Given the fact that SNAP was ousted out of the Xbox, AMD and Nvidia continued to collaborate closely on bringing the Xbox design to the PC: nForce 420 was launched in June and shipped in September of 2001, ahead of Xbox console. It was nothing but an original nForceX design for Microsoft, with original support for EV6 FSB (that AMD used) instead of Intel's GTL. A year later, this was followed by the legendary nForce2 chipset, which was sold in the tens of millions (quite a high number for an enthusiast chipset) and Intel was constantly shunned for an Intel-based nForce.
Nvidia was disappointed with the nForce3 design, since it was completed a year ahead of Athlon 64, and that gave the company time to create nForce 4 SLI for Intel, only to be screwed by Intel's Pentium D 820 design, which was incompatible with the boards (a desperate bid to avoid utilizing overclocking capabilities of the chipset).
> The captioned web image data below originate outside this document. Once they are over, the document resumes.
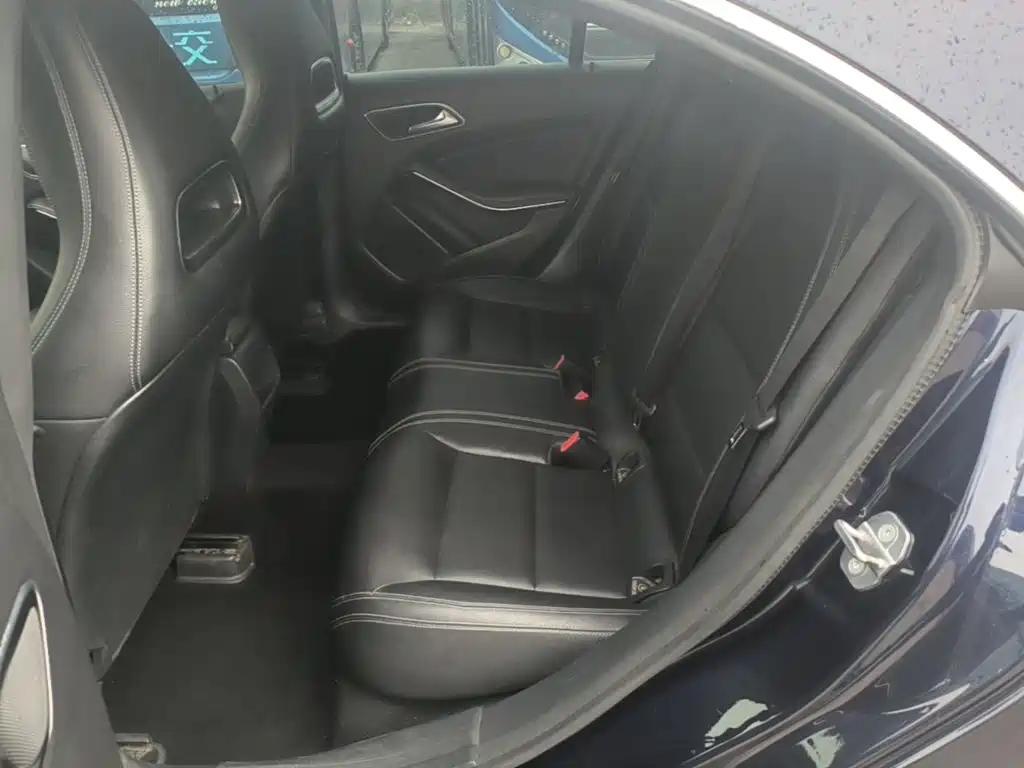 Mercedes-Benz CLA (Import) — миниатюра 17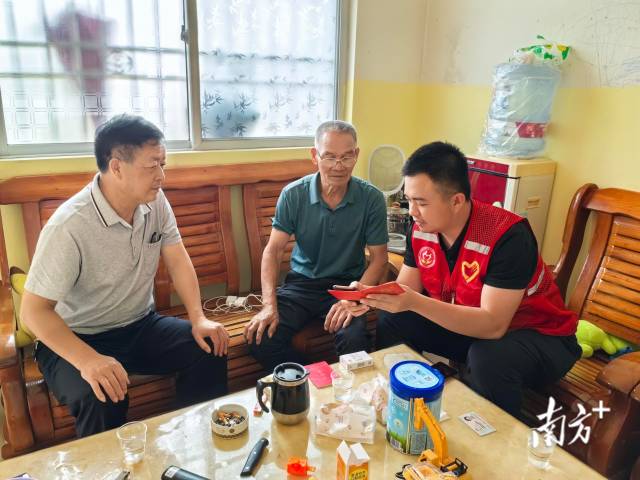 入戶推廣宣傳，并幫助退役軍人完成平臺注冊。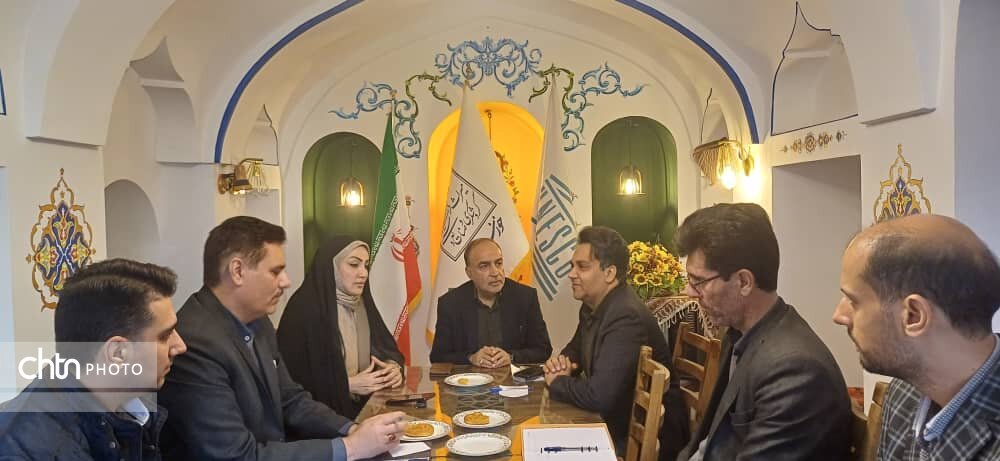 نشستی برای رفع مشکلات صنعتگران و رونق صنایع‌دستی دزفول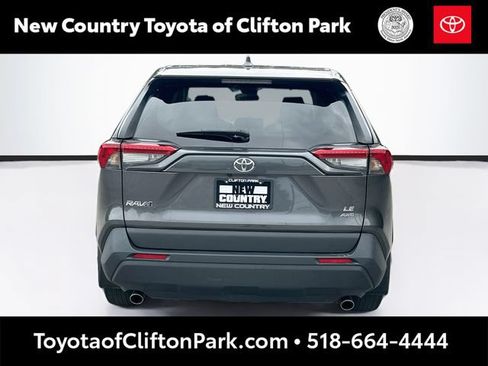Used 2023 Toyota RAV4 LE AWD/4WD image 6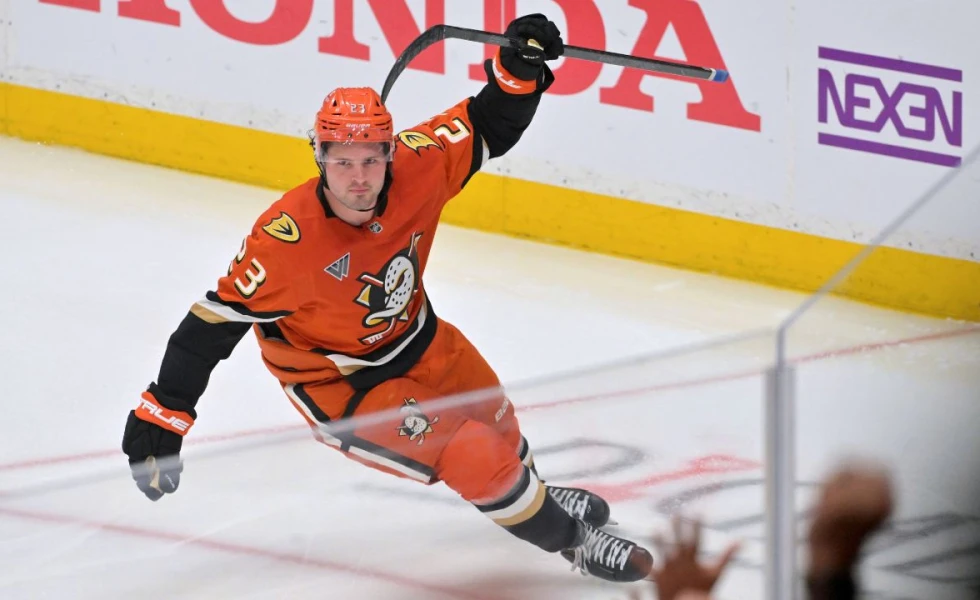 NHL notebook: High-flying Ducks impressing with surprise start to season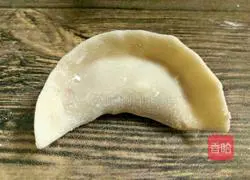 Illustration of how to wrap crescent-shaped dumplings 16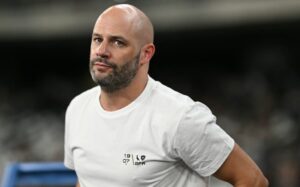 vasco-tem-interesse-no-treinador-franclim-carvalho,-do-botafogo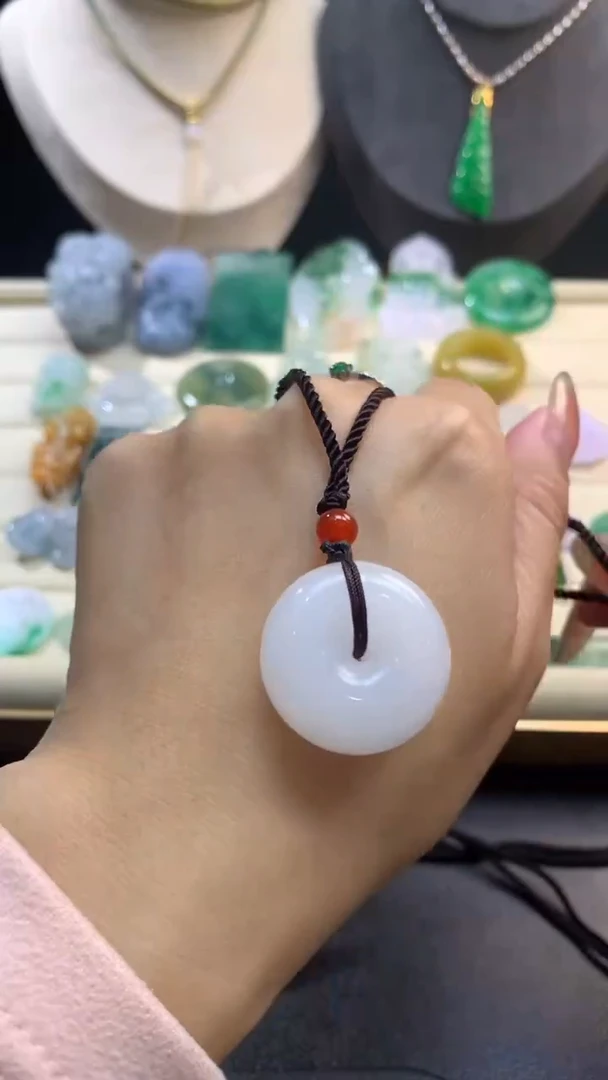 【闪购商品】石英质玉颈饰未镶嵌石英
This is the reason why Nvidia is extremely careful in its dealings with Intel, and the recent nForce 680i-Intel 45nm Penryn fallout only reminded us of the fragile relationship between the two.
SNAP continued to take place even after the AMD-ATI buyout, with a war that engaged AMD people against ATI people. This led to ATI's roadmaps being leaked to Nvidia and various departures from key engineers harmed the product cycles. We believe that this could also turn out to be the most critical mistake Hector Ruiz made as CEO of AMD. He did not voice out clearly what would happen with ATI and why the acquisition was necessary. When we heard stories that involved various people from AMD's Human Resource department - this author vividly remembers questions like "Why can't we fire more ATI people?" in internal e-mail communications.
AMD started attacking Nvidia in summer of 2007, making bundle deals that included AMD's processors and ATI graphics and chipsets for the "back to school" period. Thus, a whole year was lost. We all know that Nvidia gained tremendous market momentum.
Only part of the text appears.